Nothing but the lines below from the one with "شومیز سارافون،کادو،تولد،روز زن" through the one with "现在菲律宾能入境旅游吗（最新解释）" should be output, each exactly as given, and no pictures.

DATA SUPPLIED:
■ ■ ■ ■ ■ ■ ■

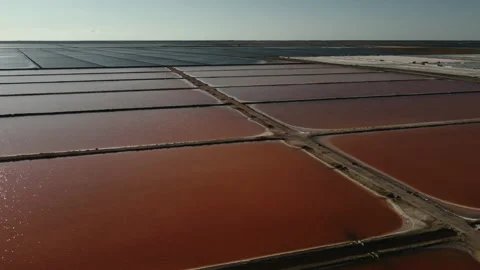 4k drone 31 Stock Footage 165628364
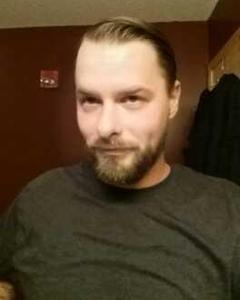 Man, 41. joe844635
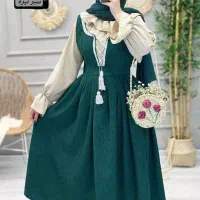 شومیز سارافون،کادو،تولد،روز زن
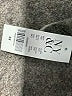 New York & Company Gray Pullover Sweater Size 3X - photo 8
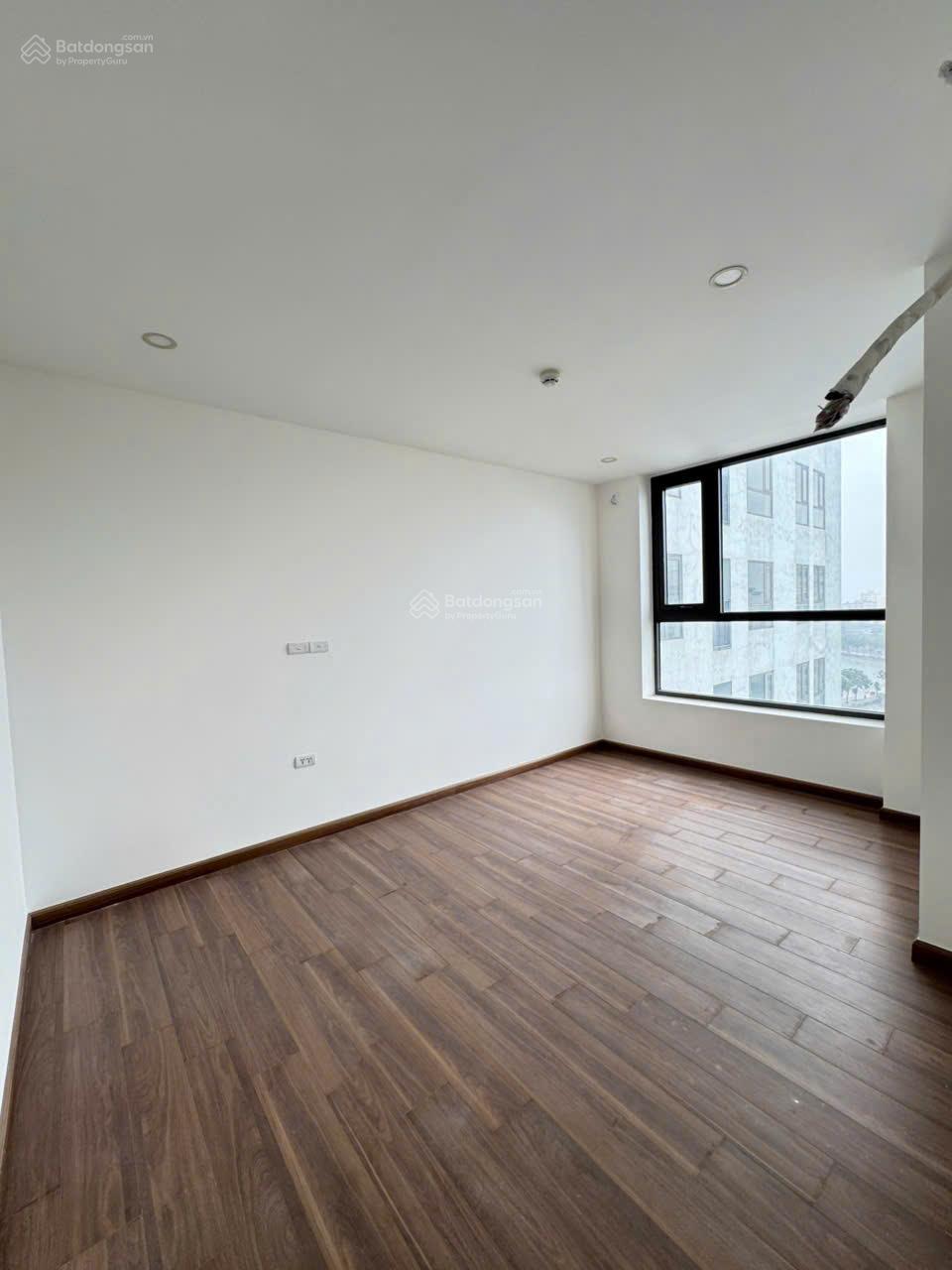 Cho thuê CC X2 Đại Kim Trần Hoà - Hoàng Mai 86m2 3PN, nguyên bản 9tr/th, vào luôn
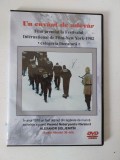 Un cuvant de adevar, Alexandru Soljenitin, film documentar premiat DVD, Romana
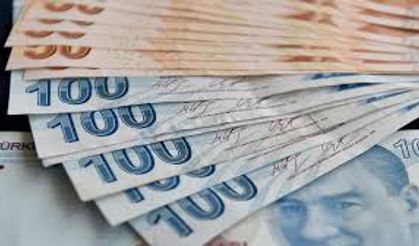 KKM’den çıkış devam ediyor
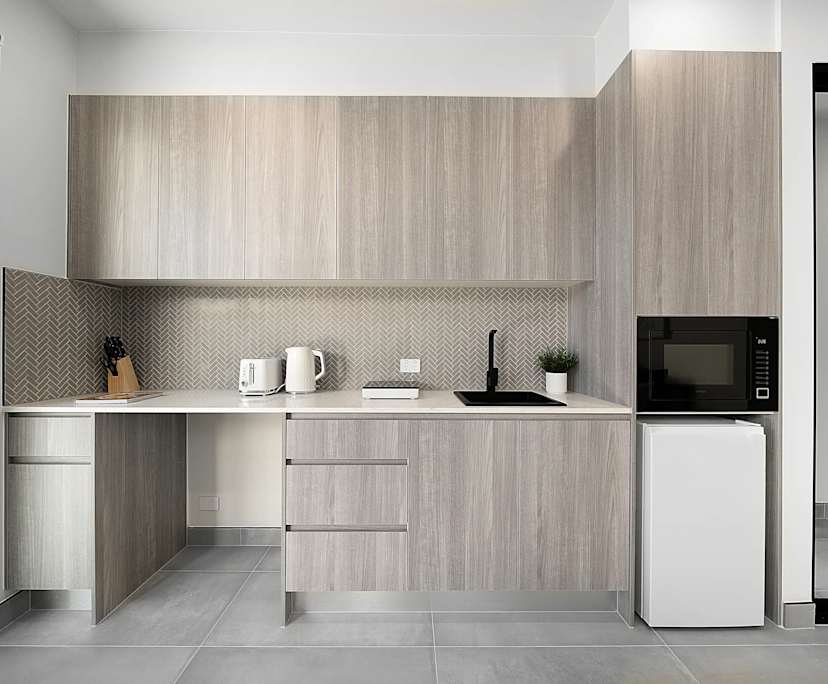 $400, Studio, 1 bathroom, Blacktown NSW 2148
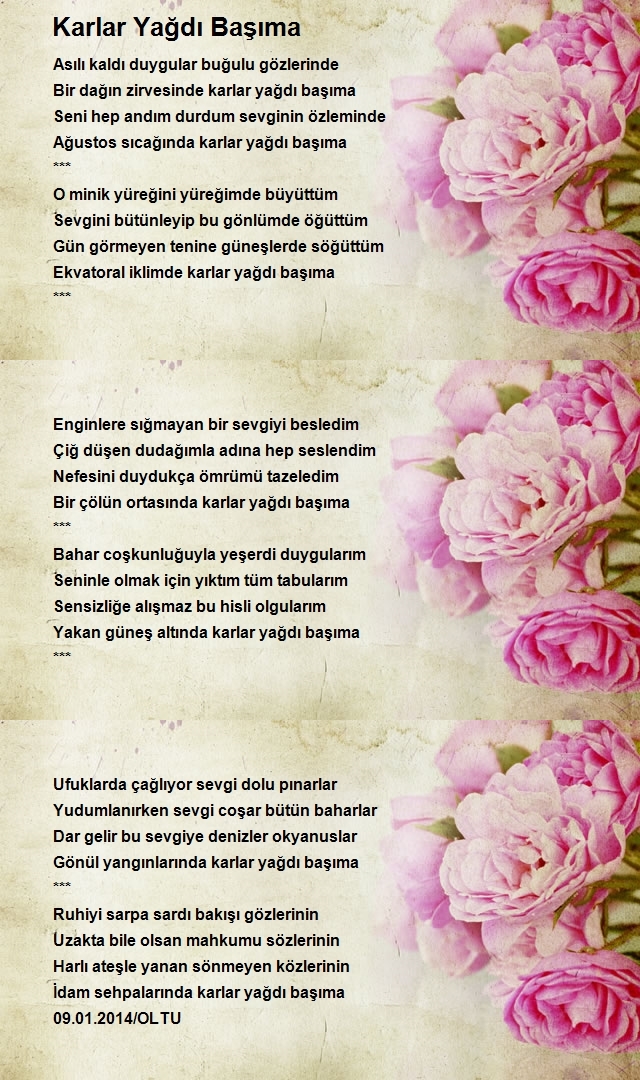 Ruhi Hatunoğlu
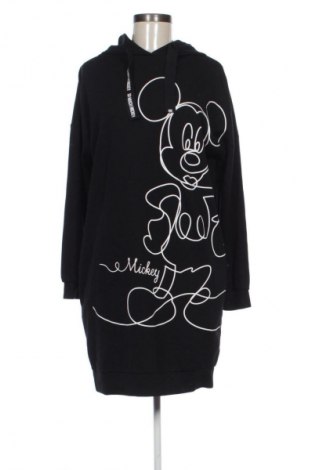 Sukienka Mohito, Rozmiar S, Kolor Czarny, Cena 89,66 zł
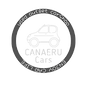 ロゴ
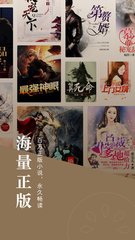 现在菲律宾能入境旅游吗（最新解释）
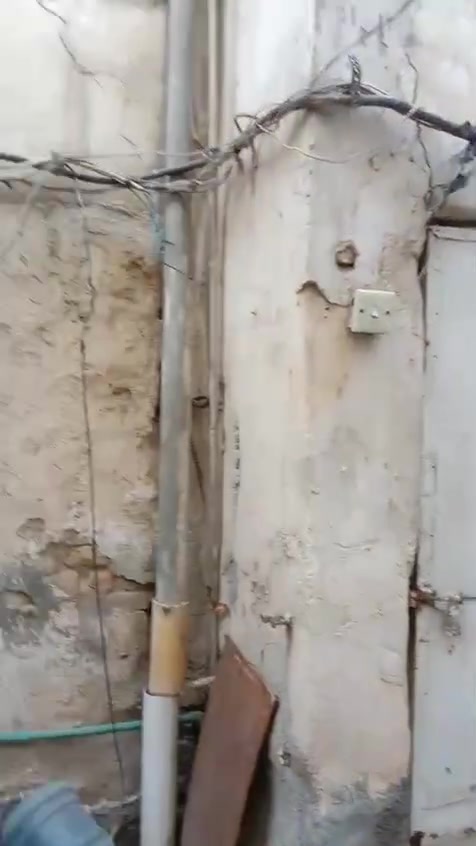 المدينة قطاع ٤٨ الداخل • ١٤٤م • محل تجاري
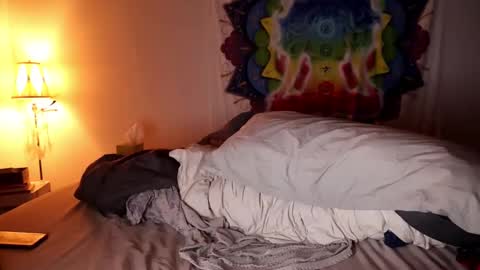 fuckmypussyplz1 online show from 3, 3, 2025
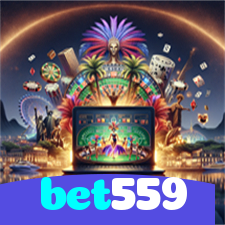 bet559：Onde sua sorte no futebol encontra prêmios em slots e roleta!
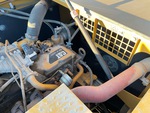 Motore with Cooling System Leaks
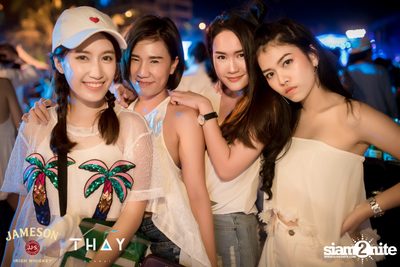 Thay Long Talay by THAY Ekamai (Album 1) — photo 78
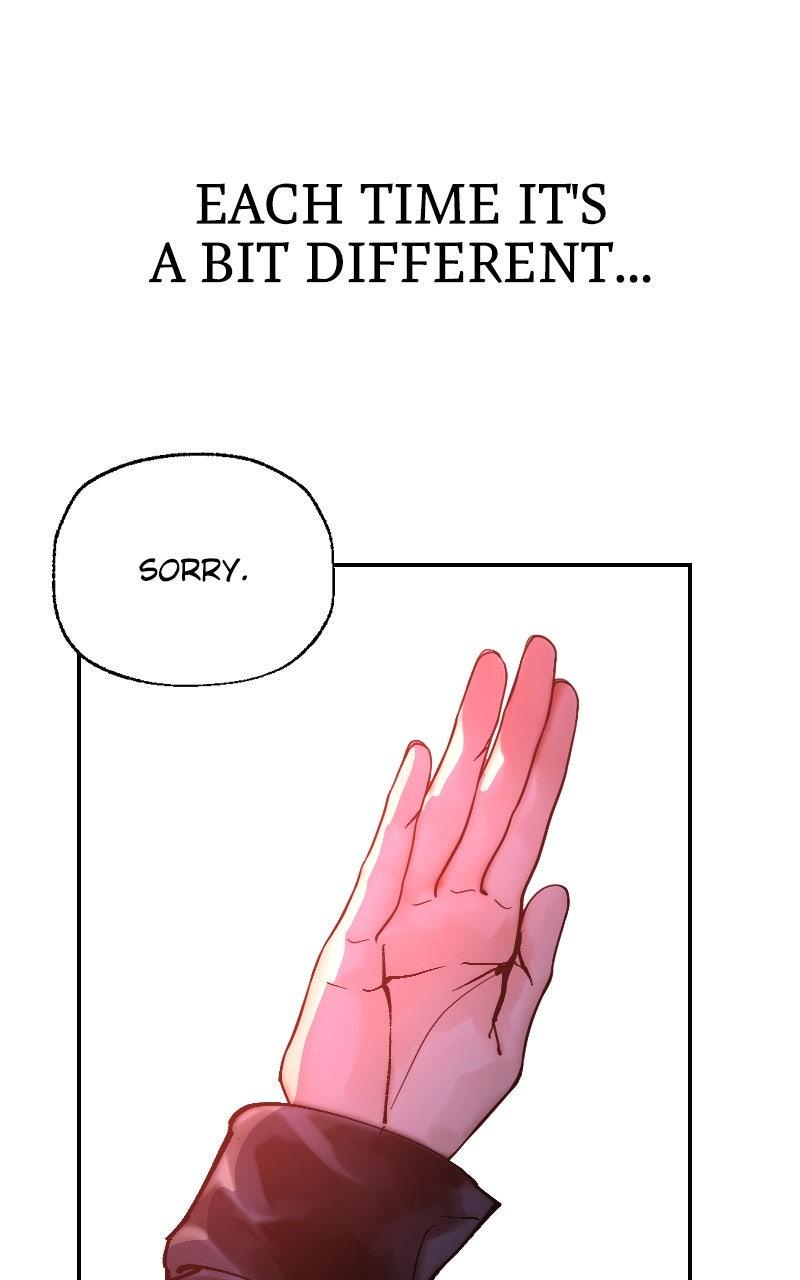 Cryptid S1 - Episode 26 65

■ ■ ■ ■ ■ ■ ■

REPLY TO THE TASK:
 شومیز سارافون،کادو،تولد،روز زن
 New York & Company Gray Pullover Sweater Size 3X - photo 8
 Cho thuê CC X2 Đại Kim Trần Hoà - Hoàng Mai 86m2 3PN, nguyên bản 9tr/th, vào luôn
 Un cuvant de adevar, Alexandru Soljenitin, film documentar premiat DVD, Romana
 KKM’den çıkış devam ediyor
 $400, Studio, 1 bathroom, Blacktown NSW 2148
 Ruhi Hatunoğlu
 Sukienka Mohito, Rozmiar S, Kolor Czarny, Cena 89,66 zł
 ロゴ
 现在菲律宾能入境旅游吗（最新解释）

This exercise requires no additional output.